LISTED ENTRIES =>
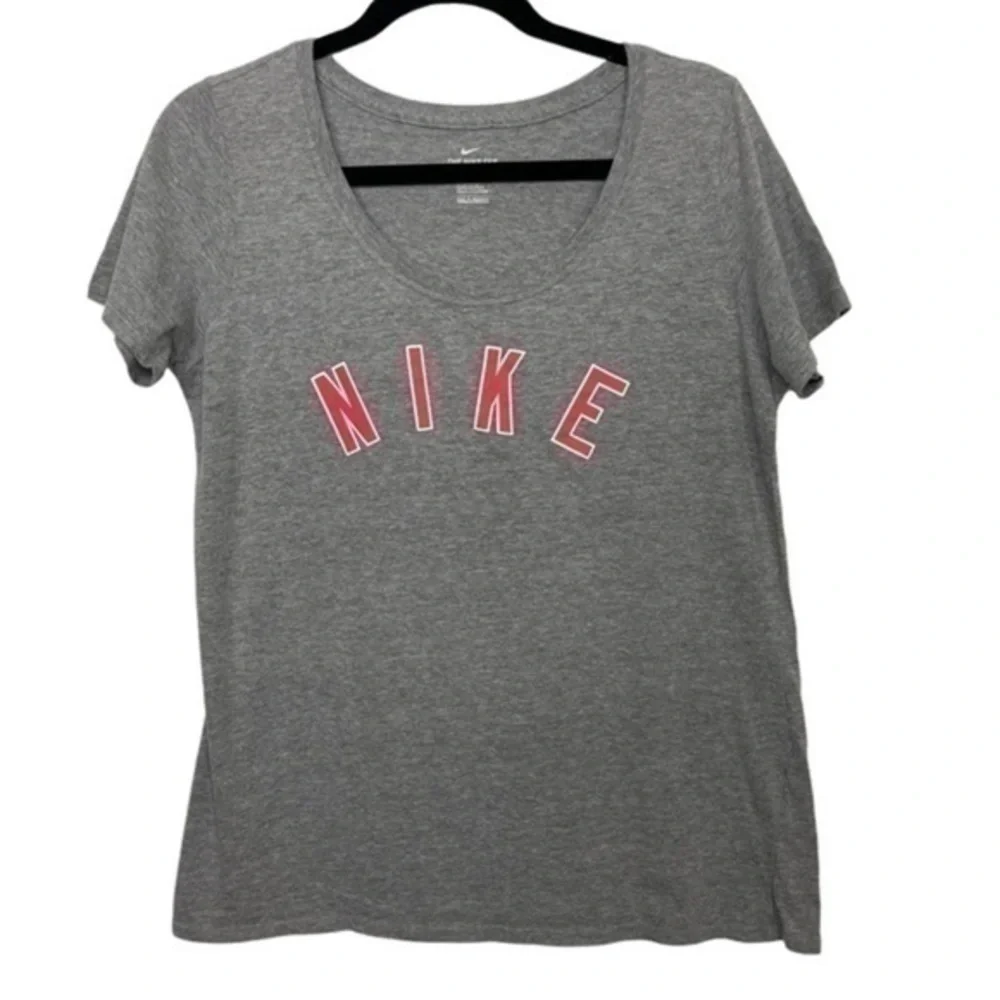 Nike Gray The Nike Tee Short Sleeve Scoop Neck T-Shirt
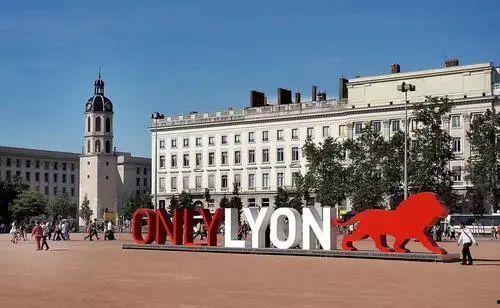 法国里昂吃瓜,探寻美食与休闲的完美融合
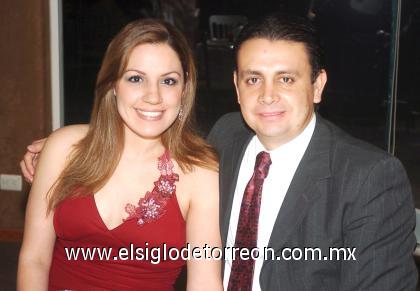 25102006
Paloma Carrillo Reyes y Gerardo Pérez Rojas.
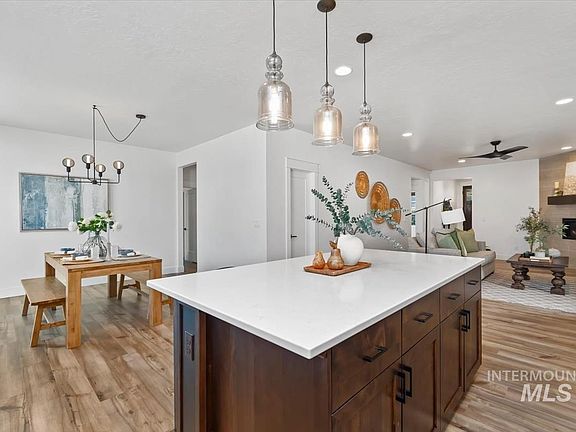 4th image of 5897 W Riva Capri St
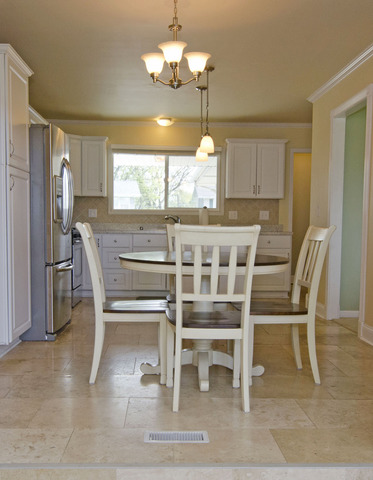 1380 Bedford Rd, Hoffman Estates, IL 60169 photo 7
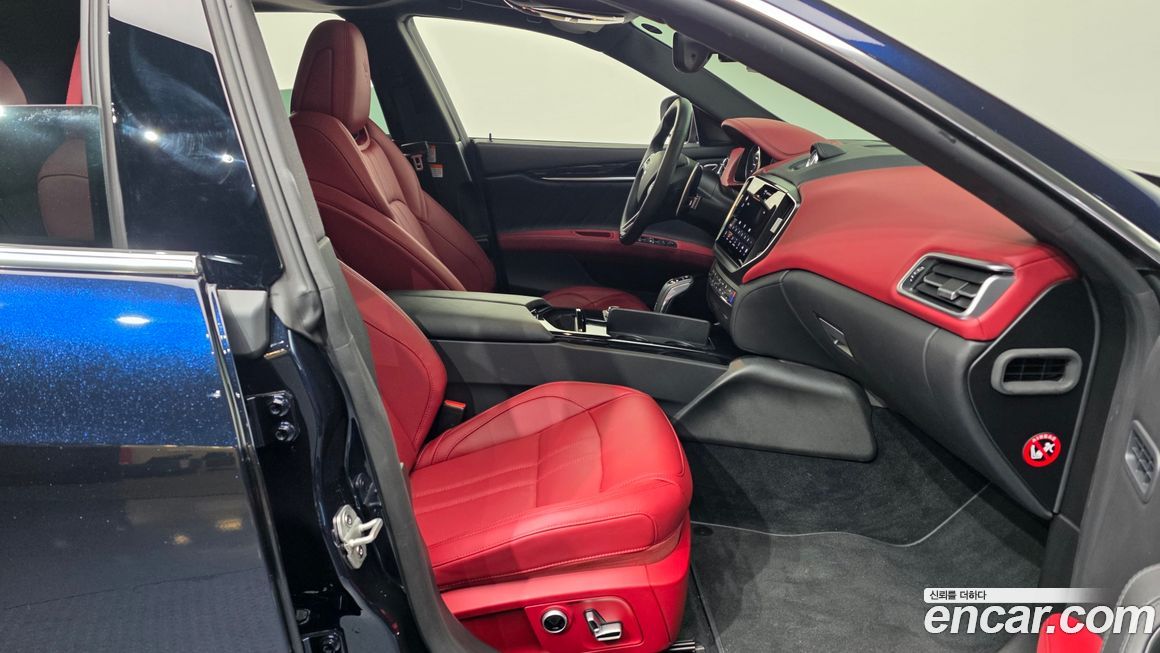 Maserati Ghibli 2022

WHAT IS REQUIRED => Leaving the pictures aside, repeat the data above exactly.

YOUR RESPONSE =>
 Nike Gray The Nike Tee Short Sleeve Scoop Neck T-Shirt
 法国里昂吃瓜,探寻美食与休闲的完美融合
 25102006
Paloma Carrillo Reyes y Gerardo Pérez Rojas.
 4th image of 5897 W Riva Capri St
 1380 Bedford Rd, Hoffman Estates, IL 60169 photo 7
 Maserati Ghibli 2022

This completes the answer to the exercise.